The median age at HSCT was 52 years (range, 18-80) and survivors were followed for a median of 46 months (range, 40-49).

Researchers divided 47 nonmalignant late effects into nine categories: bone loss, psychological, cardiac, orthopedic, pulmonary, hypogonadism, systemic viral infection, respiratory virus infection and unusual infections. Researchers determined the cumulative incidence of each category at 3 years posttransplant in each donor source group and compared incidence with 10/10 HLA-matched unrelated donors.

The analysis did not include late effects that occurred between days 100 and 365.

At 3 years, significantly fewer umbilical cord blood recipients had bone loss than HLA-matched unrelated donor recipients (1.1% vs. 11%; P = .001), as well as fewer cardiac problems (0% vs. 3.9%; P = .005).

The 3-year overall chronic GVHD rate was 66%. The 3-year chronic GVHD rate appeared lowest among umbilical cord blood recipients (40%) and highest for mismatched unrelated donor recipients (82%; P < .0001).

Researchers observed no differences between groups in psychological, orthopedic, pulmonary, hypogonadism or infectious issues.

The response rate for patient-reported questionnaires was 45% over a median follow-up of 35 months.
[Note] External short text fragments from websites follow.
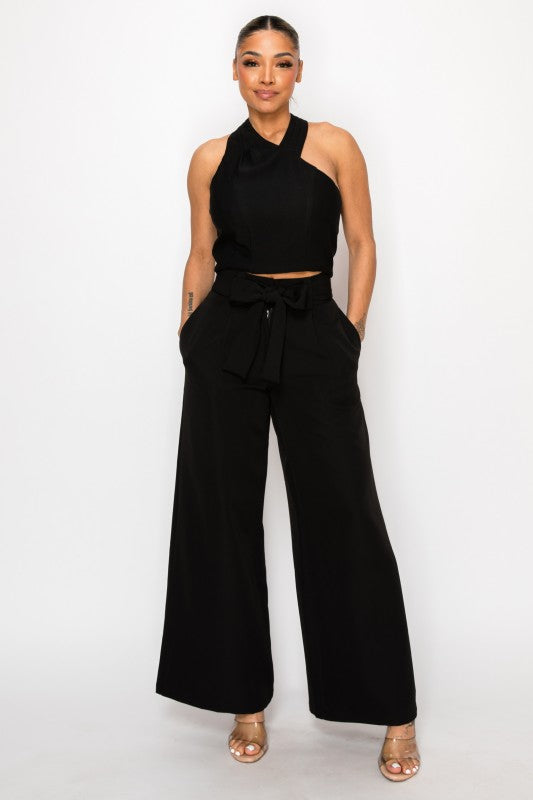 Dressy Palazzo Belted Pants & Halter Cropped Top-ACG Los Angeles-[option4]-[option5]-[option6]-[option7]-[option8]-Shop-Boutique-Clothing-for-Women-Online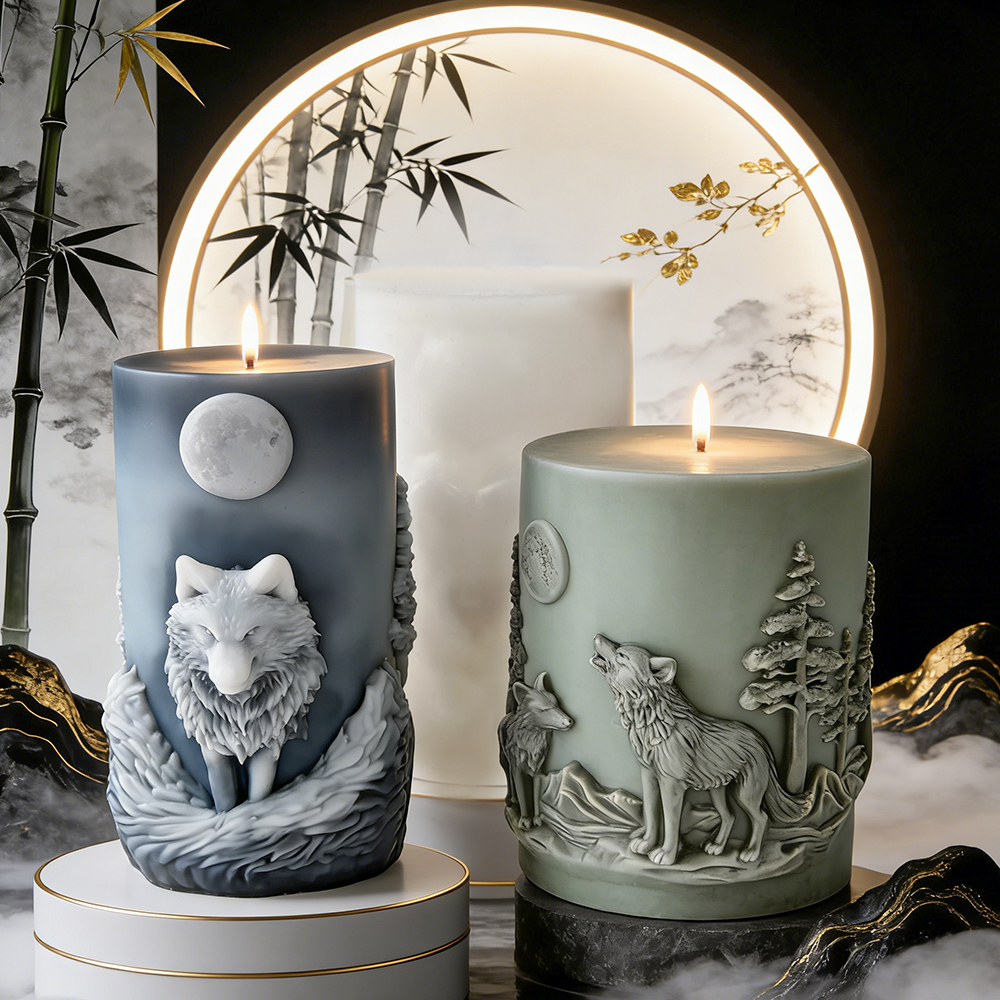 3D Wolf Shaped Relief Moon Cyl - Candle Making Soy Wax recension och pris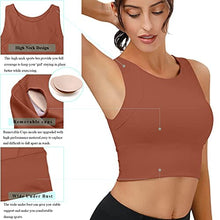 Load image into Gallery viewer, High Neck Sports Bra for Women Longline Full Coverage Sports Bras Medium Impact Padded Workout Crop Tops for Yoga Gym
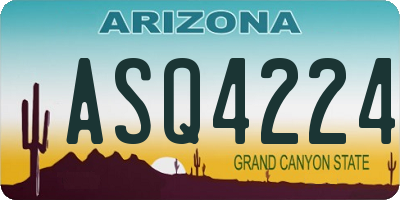 AZ license plate ASQ4224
Questionnaires showed there was no difference in physical and mental functioning as measured by the 36-Item Short Form Health Survey, and no difference in self-reported Karnofsky scores between all groups.

Recipients of umbilical cord blood and haploidentical grafts appeared less likely to report taking steroids for chronic GVHD (P < .0001).
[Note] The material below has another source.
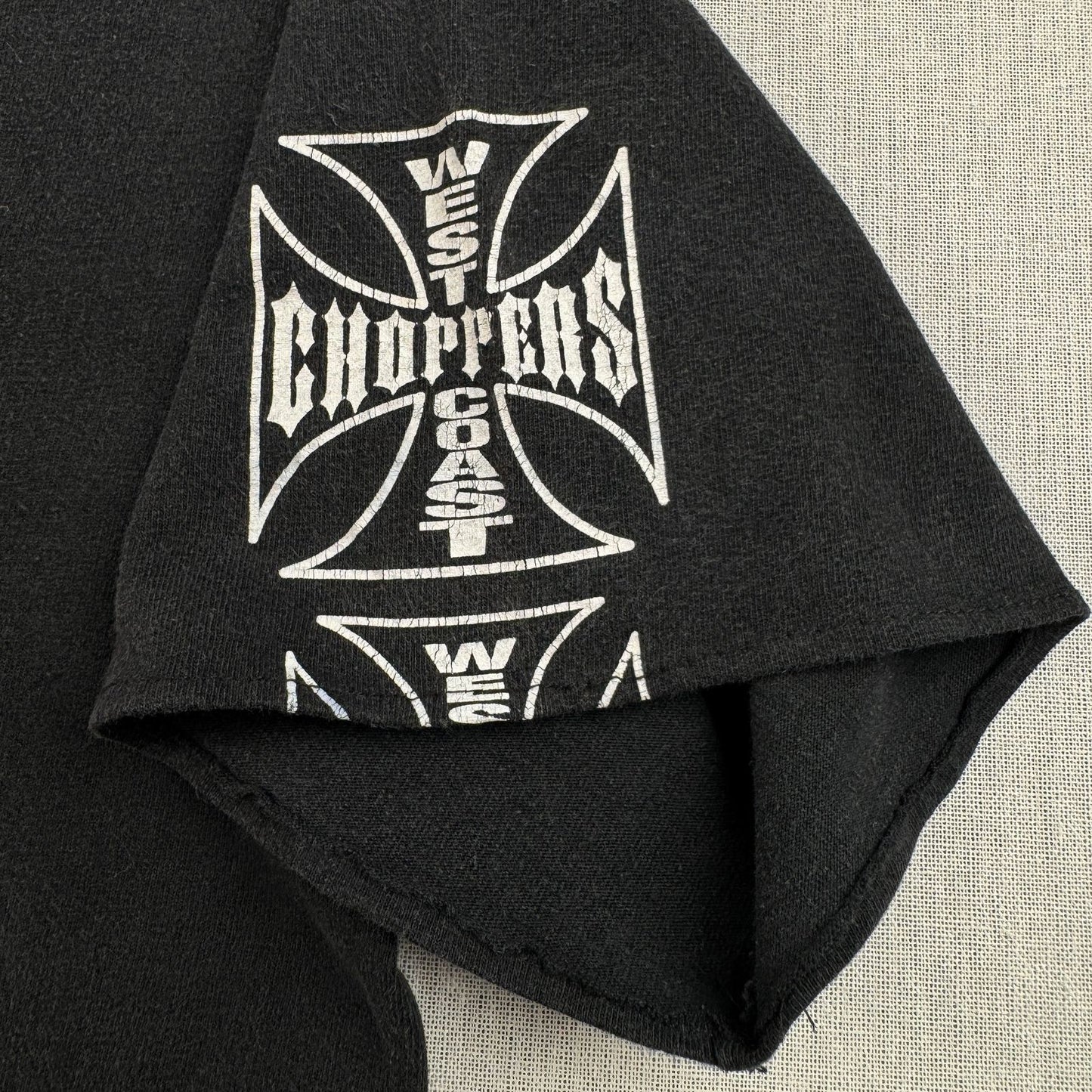 WEST COAST CHOPPERS アイアンクロス 長袖 カットオフ ロゴ 企業 バイク Tシャツ ウエストコーストチョッパーズ 黒 co-t-2505-013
Limitations of the study included heterogeneity between groups and lack of power due to the size of the umbilical cord blood, haploidentical and mismatched unrelated donor groups compared with the matched related and HLA-matched unrelated donor groups, Salit said.

“Continued accrual and follow-up of these groups is ongoing,” Salit said. “A randomized trial is ideal but expensive, and other centers may not collect late effects/patient-reported outcomes or compare all donor sources.” – by Melinda Stevens

 

Reference:

Salit RB, et al. Abstract 12. Presented at: BMT Tandem Meetings; Feb. 21-25, 2018; Salt Lake City.

 

Disclosures: HemOnc Today could not confirm the authors’ relevant financial disclosures at the time of reporting.